Карина отвечает быстро, охотно, но преимущественно односложно и пытается вызвать лифт. Димка, подсуетившись, первым нажимает на кнопку и получает в ответ мимолетную благодарную улыбку Карины.
«В принципе он ей нравится, но у нее кто-то есть», – прихожу я к выводу, профессионально (и по-женски) оценив все улыбки и взгляды Карины, брошенные ею на Димку. Увы, в них нет ни смущения, ни теплоты, ни даже грамма кокетства. И это меня совершенно не радует, потому что я – чего уж греха таить? – начинаю бояться, а нет является ли этот «кто-то» Сечиным.
«Посмотрим», – неопределенно обещаю себе я, заходя в лифт следом за Димкой. Наблюдаю, как Карина нажимает на третий этаж. «Так мы в музей едем? Отлично, будет шанс по душам поболтать с Вероникой Андреевной».
Пока я мысленно радуюсь, Карина поворачивается ко мне:
– Саша… простите, а вы не против, если я буду вас так называть? – с чисто грузинской вежливостью спрашивает она. Киваю в ответ с чисто эстонской галантерейностью. – Саша, Арсена Павловича сегодня не будет, но он просил показать вам медцентр. Я решила начать с музея. Вы как, не против?

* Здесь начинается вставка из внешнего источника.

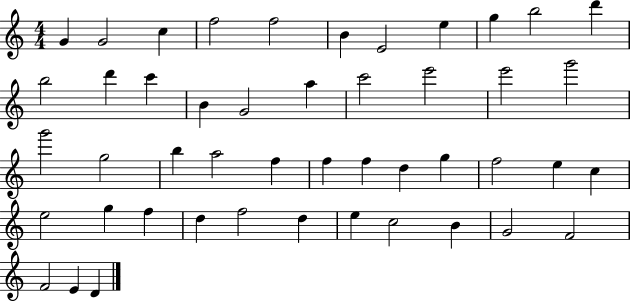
G4/q G4/h C5/q F5/h F5/h B4/q E4/h E5/q G5/q B5/h D6/q B5/h D6/q C6/q B4/q G4/h A5/q C6/h E6/h E6/h G6/h G6/h G5/h B5/q A5/h F5/q F5/q F5/q D5/q G5/q F5/h E5/q C5/q E5/h G5/q F5/q D5/q F5/h D5/q E5/q C5/h B4/q G4/h F4/h F4/h E4/q D4/q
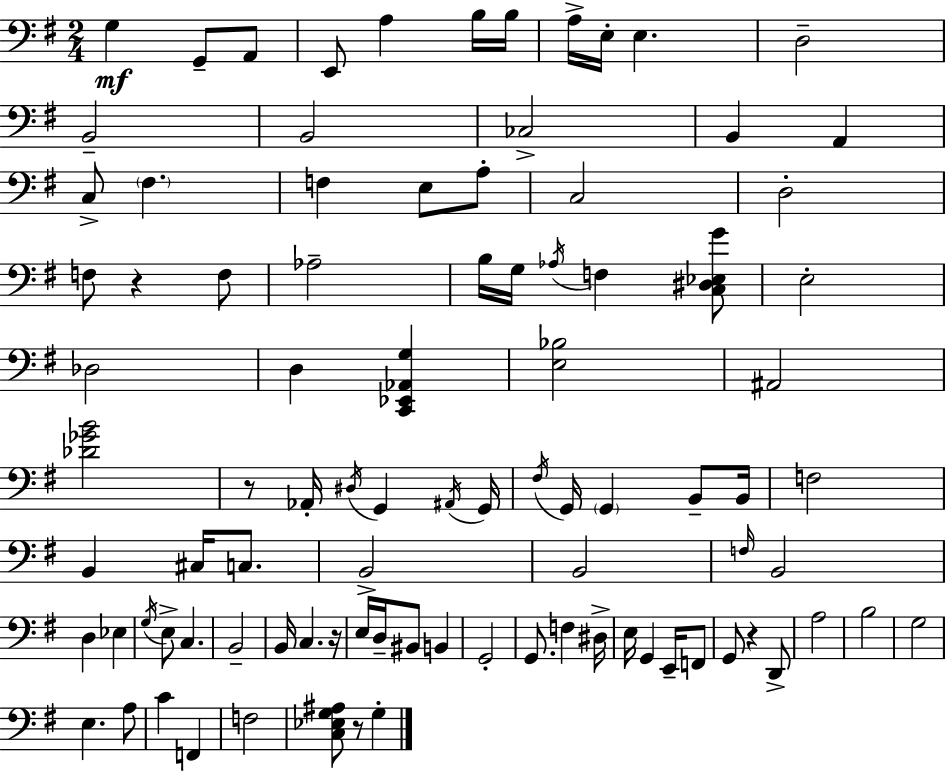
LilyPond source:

{
  \clef bass
  \numericTimeSignature
  \time 2/4
  \key g \major
  g4\mf g,8-- a,8 | e,8 a4 b16 b16 | a16-> e16-. e4. | d2-- | \break b,2-- | b,2 | ces2-> | b,4 a,4 | \break c8-> \parenthesize fis4. | f4 e8 a8-. | c2 | d2-. | \break f8 r4 f8 | aes2-- | b16 g16 \acciaccatura { aes16 } f4 <c dis ees g'>8 | e2-. | \break des2 | d4 <c, ees, aes, g>4 | <e bes>2 | ais,2 | \break <des' ges' b'>2 | r8 aes,16-. \acciaccatura { dis16 } g,4 | \acciaccatura { ais,16 } g,16 \acciaccatura { fis16 } g,16 \parenthesize g,4 | b,8-- b,16 f2 | \break b,4 | cis16 c8. b,2-> | b,2 | \grace { f16 } b,2 | \break d4 | ees4 \acciaccatura { g16 } e8-> | c4. b,2-- | b,16 c4. | \break r16 e16 d16-- | bis,8 b,4 g,2-. | g,8. | f4 dis16-> e16 g,4 | \break e,16-- f,8 g,8 | r4 d,8-> a2 | b2 | g2 | \break e4. | a8 c'4 | f,4 f2 | <c ees g ais>8 | \break r8 g4-. \bar "|."
}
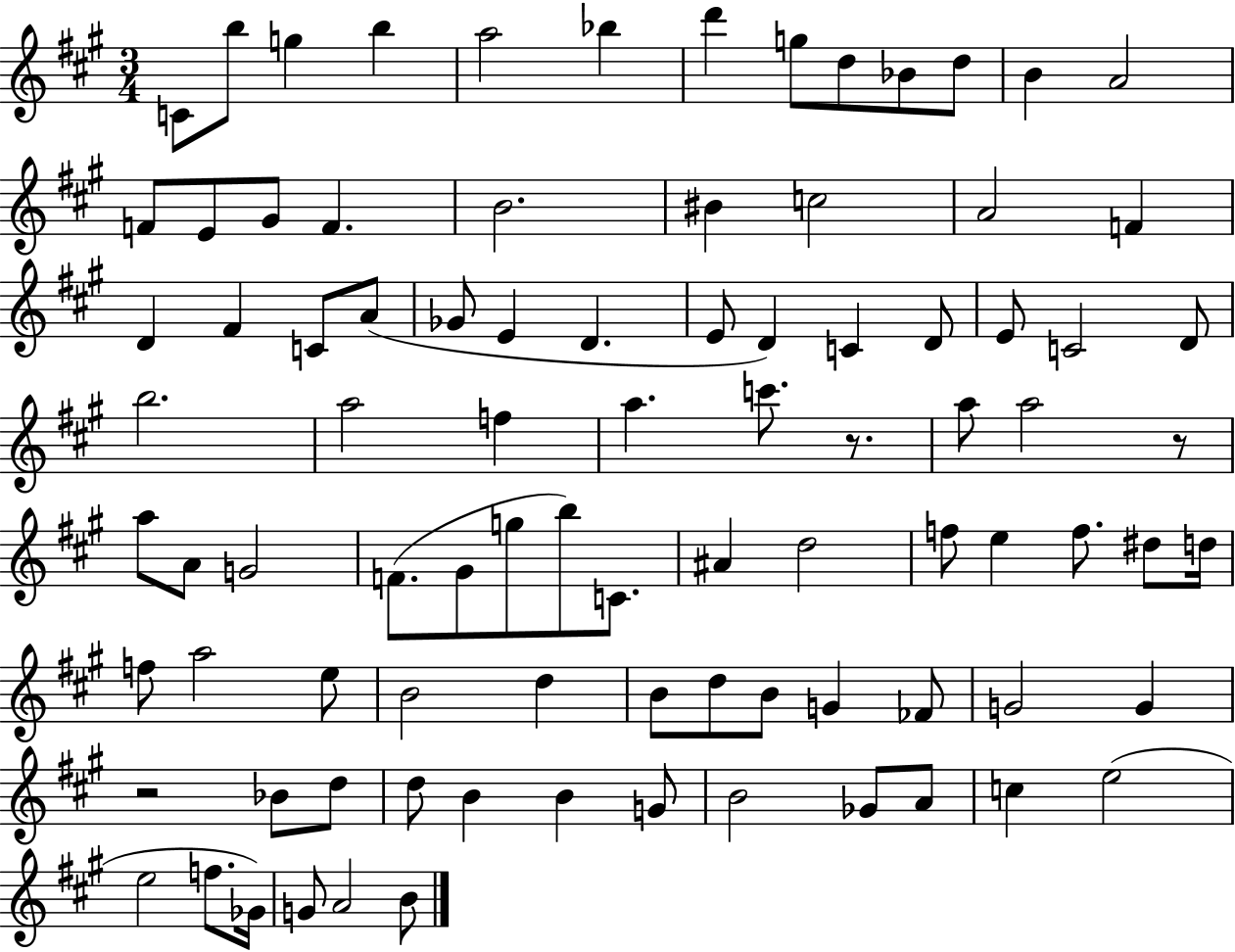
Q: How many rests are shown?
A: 3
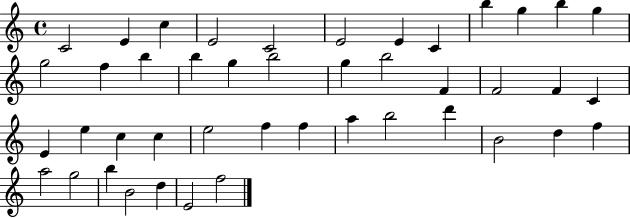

– Нет, конечно, – отзываюсь я, одновременно гадая, какого черта затеял Сечин и почему сегодня его в «Бакулевском» нет? – А Вероника Андреевна сейчас в музее? – забрасываю я удочку.
– Ах, вы уже были там … – у Карины потухают глаза.
– Я не был! – встревает Димка и, пользуясь тем, что стоит в пол-оборота ко мне, выразительно щиплет меня за запястье.
– Ничего страшного, я ещё раз посмотрю, – украдкой отпихиваю его руку. – А Вероники Андреевны нет, потому что она… Простите, она хорошо себя чувствует?
«Все-таки не шутка – девяносто пять лет. Да и погода сегодня на редкость мерзкая…»
– Нет, нет, с ней все хорошо, – уверенно отвечает Карина, – просто сегодня она у нас дома. В смысле, она у себя дома – она с внучкой сидит.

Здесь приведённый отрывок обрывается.